Milt's BBQ in Redmond is a recent addition to our list of worthy BBQ joints. Part of yet another sprawling strip mall (it's barely noticeable as it's flanked by much larger stores on both sides), Milt's isn't much to look at from the outside. And when you step in, Milt's still isn't much to look at. Obviously, if you're at Milt's, you're there for the food -- nothing more, and nothing less.
Fortunately, Milt's holds up their end of the bargain.
We stepped into Milt's on a warm, balmy summer afternoon and took a moment to let our eyes adjust to the darkness. A sheet of sunlight, reflecting in from the parking lot, pierced through the narrow open windows which were sporting loud, heavy-duty fans. Just like in a deli shop, we placed our order at the front counter, poured our own water, and found a place to wait in one of the many aging booths. We casually glanced around, but there wasn't much to look at, except for a couple of regulars chatting away a couple booths down from us. And for once, the bluesy jazz piping through the speakers seemed to fit in.

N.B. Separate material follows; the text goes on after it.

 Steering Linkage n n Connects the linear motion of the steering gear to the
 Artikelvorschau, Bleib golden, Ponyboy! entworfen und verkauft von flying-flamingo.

After a wait of fifteen to twenty minutes, our order arrived on plastic plates with plastic utensils, along with a bit of friendly banter and amicable jokes with the owner/chef/server (presumably Milt himself). The dishes looked a little uninspiring, but we hoped to be proved wrong. It was time to dig in.
At Milt's, the proof is in the pudding (or BBQ sauce in this case) when you get your first smells and tastes of the barbecued goodness. Served on a warm, doughy roll, the tender Pork Sandwich ($8.50) was drenched in a sweet, tangy, and smoky sauce that had an excellent balance of spices. This delightful dish is a definite on our list of recommendations.
The Chicken and Hot Link Sandwich ($9.50) was another winner. Despite having reasonably flavorsome and moist chicken, the sandwich was dominated by the tender hot link. This link was wonderfully spiced with all manners of flavors, including pepper, paprika, garlic, and maybe a touch of honey or cinnamon. We also found the side of corn bread to be sweet, fluffy, and fresh. It's definitely excellent as a side dish, though you might want to ask for some butter on the side. The sweet and savory baked beans also attested to Milt's solid, home-style cooking.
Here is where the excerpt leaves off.